I am new to AMD arch. Can somebody enlighten me? Thanks much!
112 z: MULADD_e R127.z, R17.x, R2.x, R29.w
w: MULADD_e R127.w, R13.x, R2.x, R7.z VEC_210
113 x: MULADD_e R127.x, R13.y, R2.y, PV112.w
y: MULADD_e R127.y, R15.x, R2.x, R7.x
z: MULADD_e R127.z, R17.y, R2.y, PV112.z VEC_210
114 x: MULADD_e R127.x, R17.z, R2.z, PV113.z
y: MULADD_e R127.y, R15.y, R2.y, PV113.y
z: MULADD_e R127.z, R13.z, R2.z, PV113.x VEC_210
w: MULADD_e R127.w, R19.x, R2.x, R8.x
115 x: MULADD_e R127.x, R17.w, R2.w, PV114.x
y: MULADD_e R127.y, R13.w, R2.w, PV114.z VEC_210
z: MULADD_e R127.z, R19.y, R2.y, PV114.w
w: MULADD_e R127.w, R15.z, R2.z, PV114.y
116 x: MULADD_e R127.x, R15.w, R2.w, PV115.w
y: MULADD_e R127.y, R16.x, R3.x, PV115.x
z: MULADD_e R127.z, R12.x, R3.x, PV115.y VEC_210
w: MULADD_e R127.w, R19.z, R2.z, PV115.z
117 x: MULADD_e R127.x, R14.x, R3.x, PV116.x
y: MULADD_e R127.y, R12.y, R3.y, PV116.z
z: MULADD_e R127.z, R16.y, R3.y, PV116.y VEC_210
w: MULADD_e R127.w, R19.w, R2.w, PV116.w
118 x: MULADD_e R0.x, R16.z, R3.z, PV117.z
y: MULADD_e R127.y, R14.y, R3.y, PV117.x
z: MULADD_e R127.z, R18.x, R3.x, PV117.w
w: MULADD_e R127.w, R12.z, R3.z, PV117.y VEC_210
119 x: MULADD_e R127.x, R18.y, R3.y, PV118.z
y: MULADD_e R127.y, R21.x, R2.x, R28.y
z: MULADD_e R7.z, R12.w, R3.w, PV118.w
Each ALU Group has almost 4 instructions in it (with the exception of first , second and the last group ).
So, these must be combined as a VLIW packet and issued straightaway in a single cycle.
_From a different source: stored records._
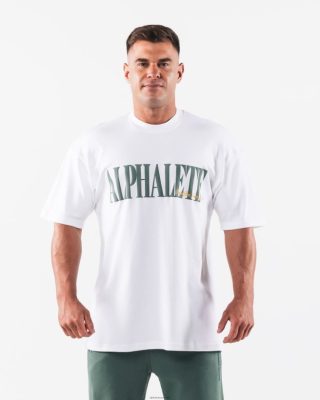 Clothing Alphalete Men Republic Tee White 686D00489 Alphalete Shorts Sale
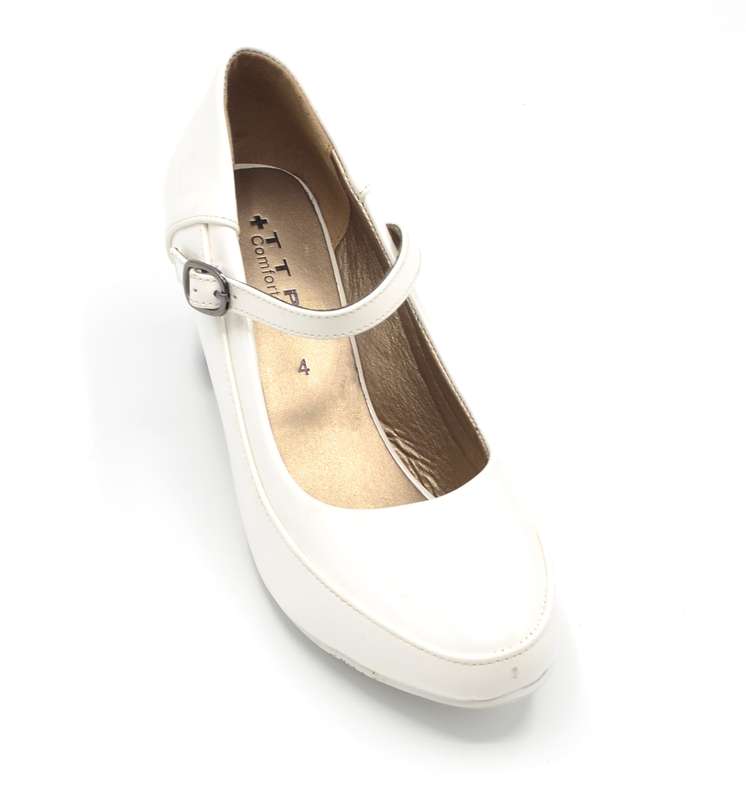 TTP High Gloss Ladies Court Heel with buckle Strap 8501-2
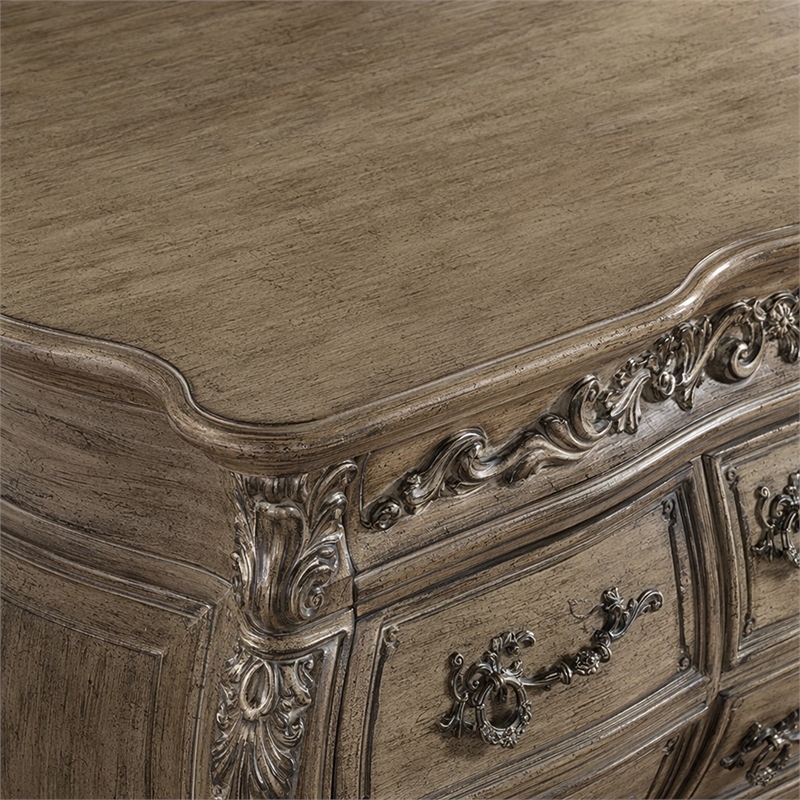Bowery Hill Queen Bed in Synthetic Leather and Vintage Oak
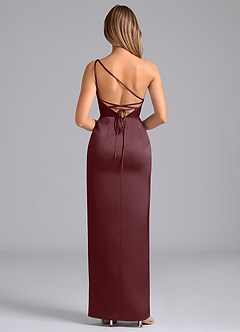 Azazie Naria Final Sale Sangria Sheath One Shoulder Stretch Satin Dress image6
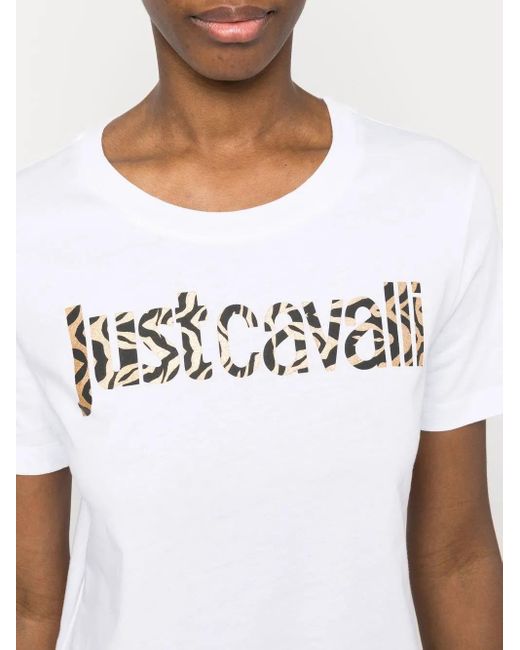 Just Cavalli White Animal-Print Logo T-Shirt Dress
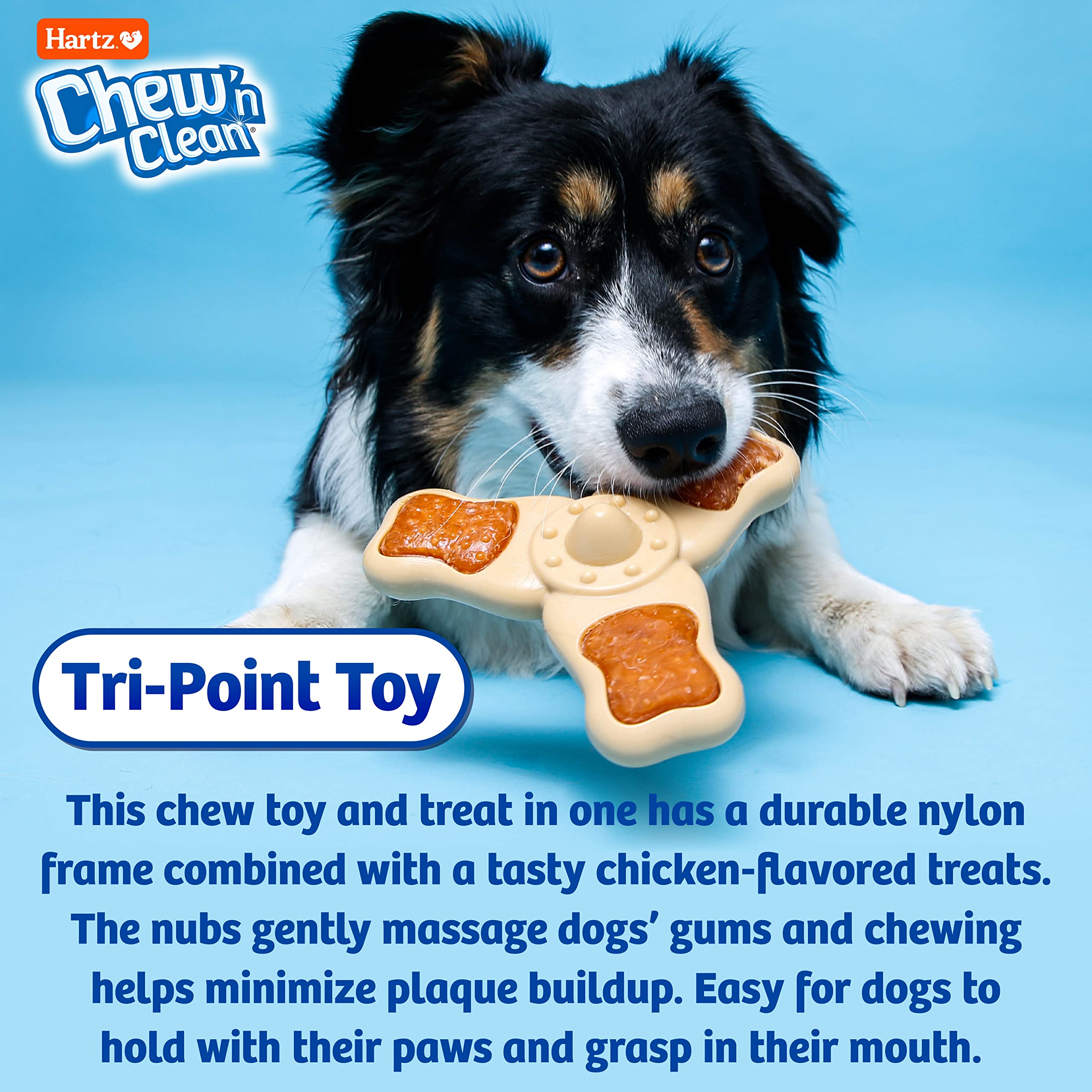 Hartz Chew n Clean Chew Toy and Treat in One Chicken Flavored Tri-Point Dog Toy, Small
Moreover, Each ALU group has a dependency on the previous ALU group.
Let us assume that a wavefront would be issued in 4 cycles (as 4 quarter wave-fronts).
By the end of 4 cycles the first ALU group1 would have been scheduled for all 64 threads.
The workgroup size of my kernel is 256 and is very register-intensive.
32 registers per thread. 256*32 = 8K.
Since 8K is such a round number, the number of active wavefronts could either be just 4 or 8. (Is there a way to figure this out?)
Assuming 4 active wave-fronts, the CU would schedule group1 within 16 cycles.
At the begining of 17th cycle, "dependencies" start playing up and will stall the wavefronts.
Now, the question is, will the GPU finish a MULADD instruction within 16 cycles or not?
If the number of active-wavefronts is 8, then I would 32 cycles of leisure-time before dependencies start playing up.
Not too sure how deep is the pipeline and how much latency a MULADD instruction has.
Can somebody throw light? Thanks!
1 of 1 people found this helpful
As long as he has two wavefronts active, then his code will not stall the machine on a per ALU cycle basis. The instruction latency is 8 cycles, and each wavefront executes 64 work-items over 4 cycles(16 work-items per cycle), so two wavefronts covers ALU latency. The problem comes not at the ALU latency, which in his case is pretty well packed, but at the clause boundary.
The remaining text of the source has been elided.